_EXERCISE DETAILS_
Retype, exactly as they appear below, the lines between the line holding "Madou-batidora de mano" and the line holding "Netizens had a", both ends included.

_DATA SHOWN_

======

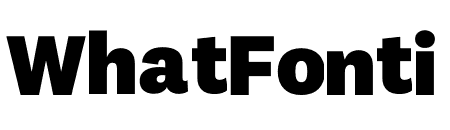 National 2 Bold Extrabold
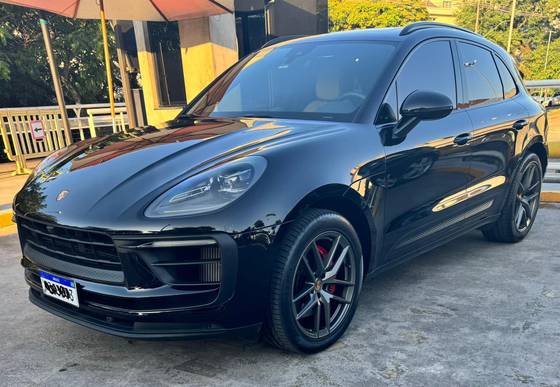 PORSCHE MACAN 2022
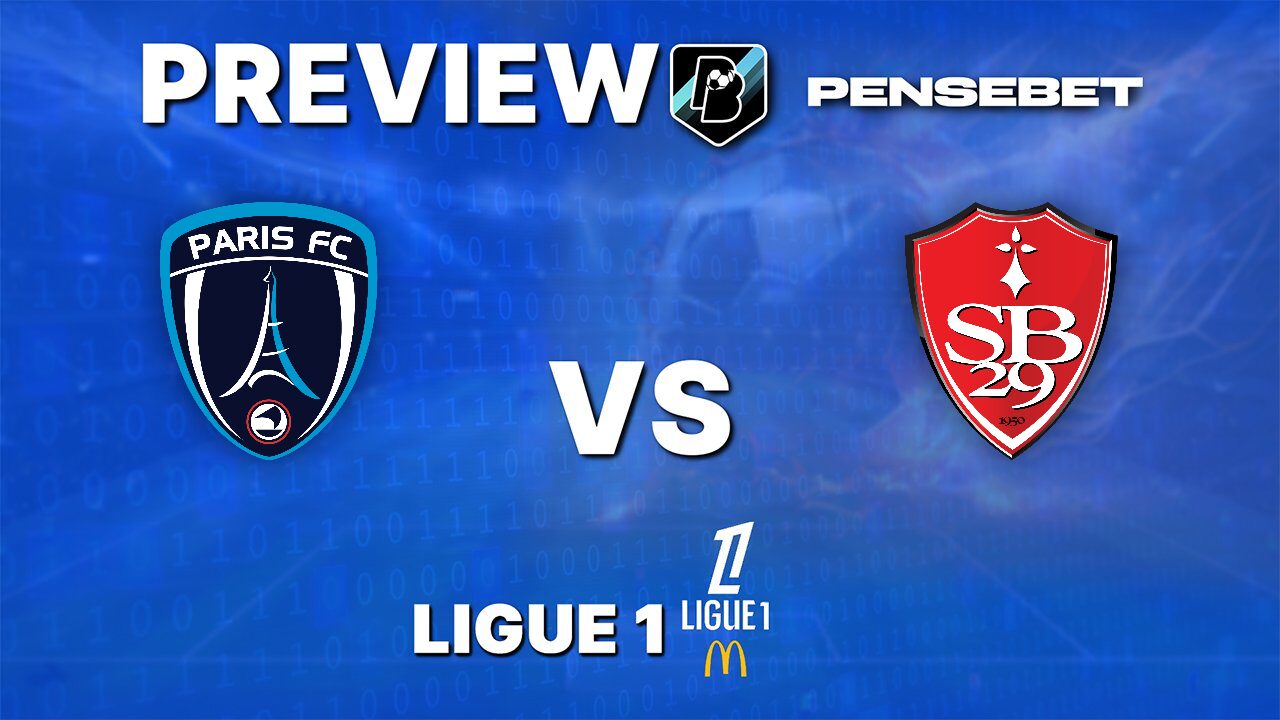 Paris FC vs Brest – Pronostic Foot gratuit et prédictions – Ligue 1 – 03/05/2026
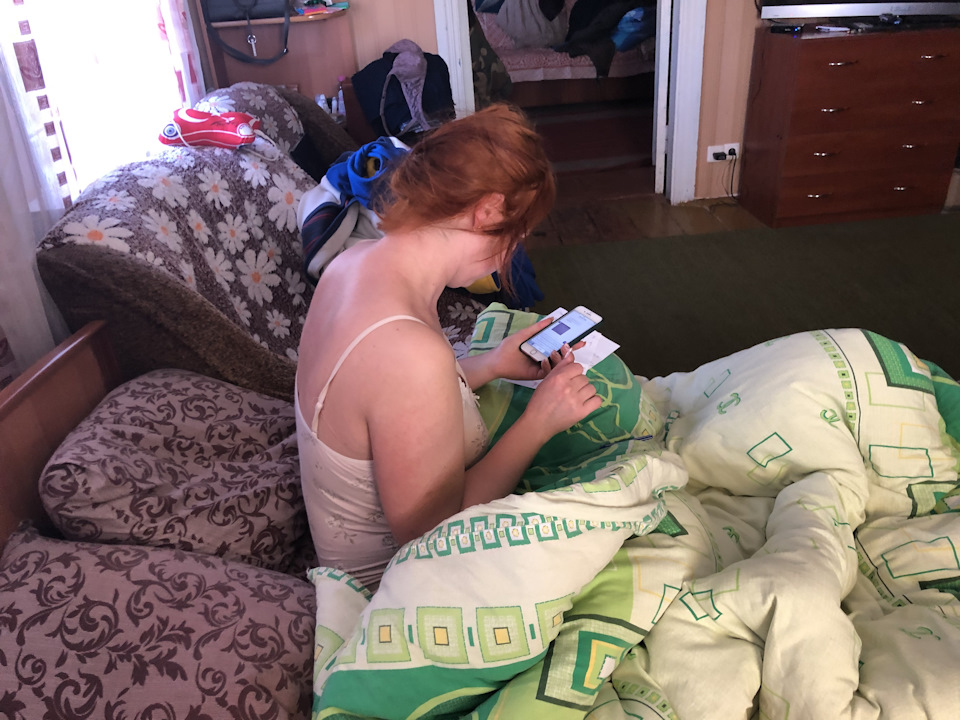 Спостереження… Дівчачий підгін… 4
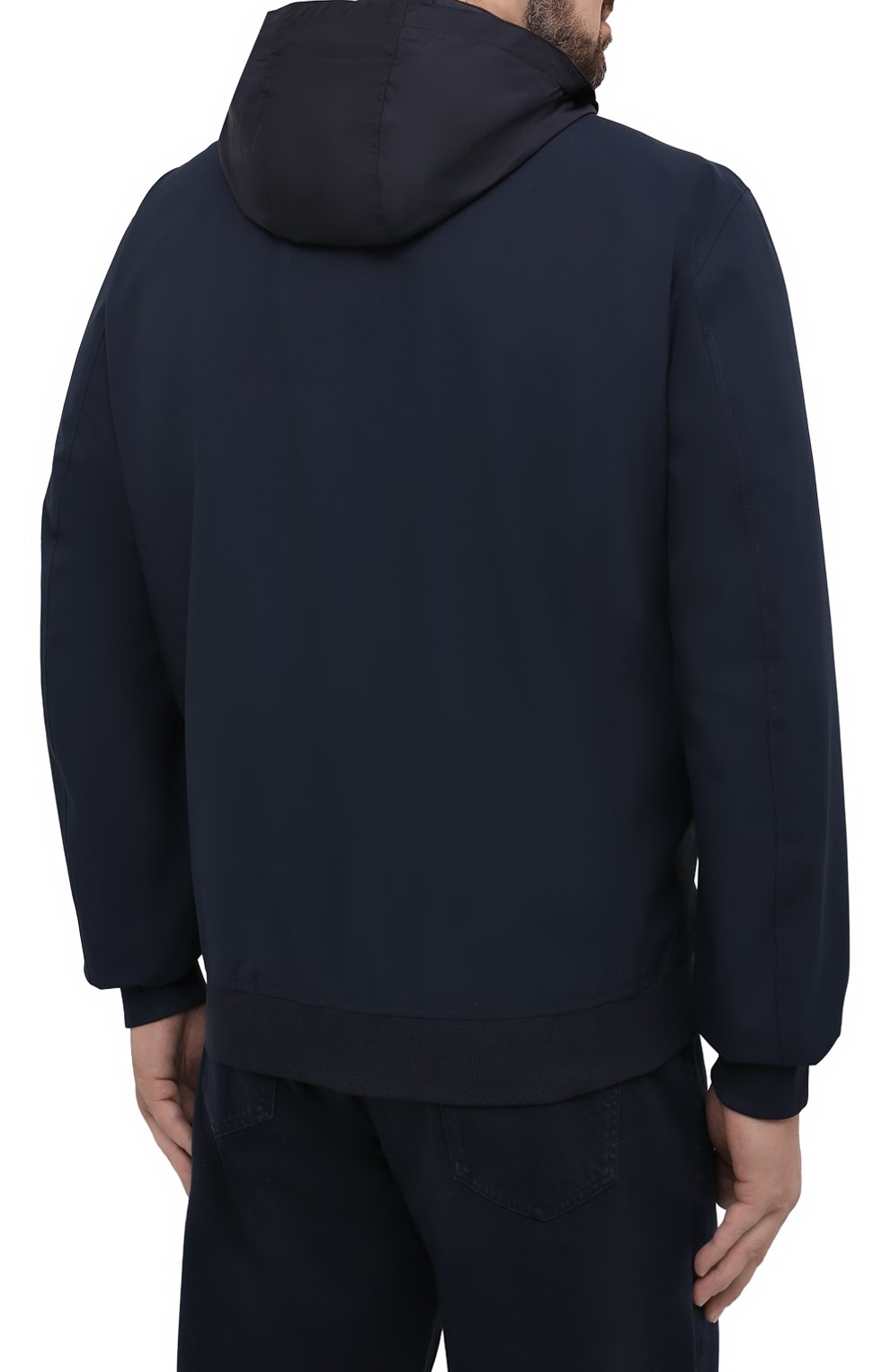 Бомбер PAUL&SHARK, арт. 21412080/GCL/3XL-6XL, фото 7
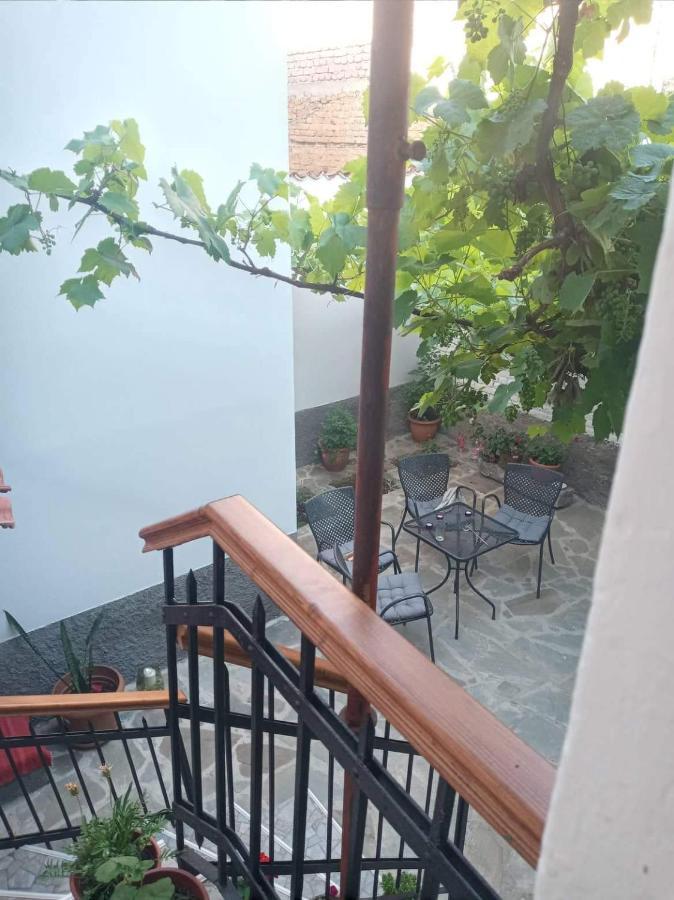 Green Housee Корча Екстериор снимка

======

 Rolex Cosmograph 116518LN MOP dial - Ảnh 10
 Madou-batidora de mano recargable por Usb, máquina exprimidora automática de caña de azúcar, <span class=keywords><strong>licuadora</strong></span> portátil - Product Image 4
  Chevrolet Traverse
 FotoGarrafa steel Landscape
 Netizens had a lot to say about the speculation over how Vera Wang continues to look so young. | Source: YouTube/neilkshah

======

_RESPONSE TO THE EXERCISE_
 Madou-batidora de mano recargable por Usb, máquina exprimidora automática de caña de azúcar, <span class=keywords><strong>licuadora</strong></span> portátil - Product Image 4
  Chevrolet Traverse
 FotoGarrafa steel Landscape
 Netizens had a lot to say about the speculation over how Vera Wang continues to look so young. | Source: YouTube/neilkshah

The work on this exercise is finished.